2009-10-01

Líder ou Ditador?


Ainda bem que há ainda gente inteligente na imprensa brasileira. Abaixo um artigo de Augusto Nunes, que escreve na Veja, sobre a peculiar forma dos jornais denominarem ditadores sangrentos: "Líder"... Excelente

Líder é o codinome dos ditadores
Por Augusto Nunes

Entusiasmados com as cenas de abertura do pastelão cucaracha produzido por Hugo Chávez, protagonizado por Manuel Zelaya e encenado num estúdio do Itamaraty em Tegucigalpa, os editores da seção internacional da Folha e do Estadão inventaram o jornalismo de altíssima definição e precisão duvidosa. Zelaya, por exemplo, virou ”presidente deposto”, ”presidente democraticamente eleito” ou “presidente constitucional”. Roberto Micheletti, transferido da presidência do Congresso para a chefia do governo por determinação constitucional, foi rebaixado a “presidente golpista” ou ”presidente de facto” (com c, de conspiração).

Se ninguém mais é apenas chefe de governo, chefe de Estado ou presidente, que tal estender ao resto do mundo os qualificativos que iluminam a crise em Honduras? Pelas normas que têm orientado a cobertura, Mahmoud Ahmadinejad, por exemplo, deve ser apresentado como “presidente eleito sob suspeita de fraude”. E o cartão de visitas de Hugo Chávez tem de identificá-lo como ”presidente ex-golpista”.

A varredura das ambiguidades e dos eufemismos exige a imediata demissão de todos os “líderes”. Líder todo chefe político é. Se estiver na oposição, continua líder. Muda de nome ao instalar-se na chefia do governo. Se chegou ao poder pelo voto, é ”presidente constitucional”. Se contornou o caminho das urnas e assumiu o comando a bordo de um golpe militar, uma safadeza civil ou um movimento revolucionário, é ditador. Não pode fantasiar-se sequer de ”presidente golpista”, “presidente inconstitucional”, ”presidente autoritário”. E fica terminantemente proibido o uso do disfarce de líder.

O líbio Muammar Khadafi foi líder só até o golpe vitorioso. Há 40 anos é ditador. Fidel Castro foi líder até 1° de janeiro de 1959. Proibiu-se de ser presidente ao implantar a ditadura comunista. Tornou-se ditador. Como Fidel por quase 50 anos, o caçula octogenário continua aparecendo nos jornais com o crachá de “líder”, ou com a carteirinha de “presidente”. Os jornalistas fazem de conta que é verdade.

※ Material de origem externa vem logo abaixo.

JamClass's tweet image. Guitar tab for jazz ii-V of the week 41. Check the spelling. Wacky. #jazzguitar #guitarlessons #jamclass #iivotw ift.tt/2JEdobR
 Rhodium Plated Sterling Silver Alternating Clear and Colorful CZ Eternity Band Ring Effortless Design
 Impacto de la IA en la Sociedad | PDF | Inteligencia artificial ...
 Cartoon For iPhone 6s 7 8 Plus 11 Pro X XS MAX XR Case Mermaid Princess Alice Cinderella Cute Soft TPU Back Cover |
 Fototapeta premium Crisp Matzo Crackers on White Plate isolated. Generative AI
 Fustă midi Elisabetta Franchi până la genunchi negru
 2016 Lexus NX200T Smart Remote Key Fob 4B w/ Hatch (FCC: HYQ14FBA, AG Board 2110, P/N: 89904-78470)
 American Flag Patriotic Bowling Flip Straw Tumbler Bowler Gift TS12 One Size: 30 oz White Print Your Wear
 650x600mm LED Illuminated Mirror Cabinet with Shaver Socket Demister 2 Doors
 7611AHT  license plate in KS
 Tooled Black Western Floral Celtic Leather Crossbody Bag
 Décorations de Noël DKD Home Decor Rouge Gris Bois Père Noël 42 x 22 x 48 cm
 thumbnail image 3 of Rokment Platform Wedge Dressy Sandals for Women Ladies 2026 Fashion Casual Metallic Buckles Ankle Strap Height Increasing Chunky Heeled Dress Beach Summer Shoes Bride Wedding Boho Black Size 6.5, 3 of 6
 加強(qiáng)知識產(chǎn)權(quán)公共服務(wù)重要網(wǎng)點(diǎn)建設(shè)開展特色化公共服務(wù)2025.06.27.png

Como todos os tiranos, ambos serão sempre ditadores aos olhos dos homens sensatos. Onde combatentes das redações enxergam líderes continuarão a existir assassinos da liberdade, da democracia e de gente.


2 comentários:

Anônimo disse...

Caro Zappi,
Perspicaz e contundente (como sempre) essa análise do Augusto Nunes. O que está por trás é a enorme inércia bovina da maioria da opinião pública (ricos ou pobres) aqui no berço esplêndido.
Abraços
Claudio Janowitzer
Rio de Janeiro - RJ

PS.: Aqui no Rio foi decretado feriado amanhã (2-10 - sexta-feira) para que a população possa torcer para que a cidade seja escolhida sede das Olimpíadas de 2016. Faz parte do mesmo quadro.

Zappi disse...

Olá Claudio,

Sim, a "torcida" funcionou. Agora vai começar o festival de propinas a agentes públicos. O Diogo Mainardi já começou a descrever a maracutaia.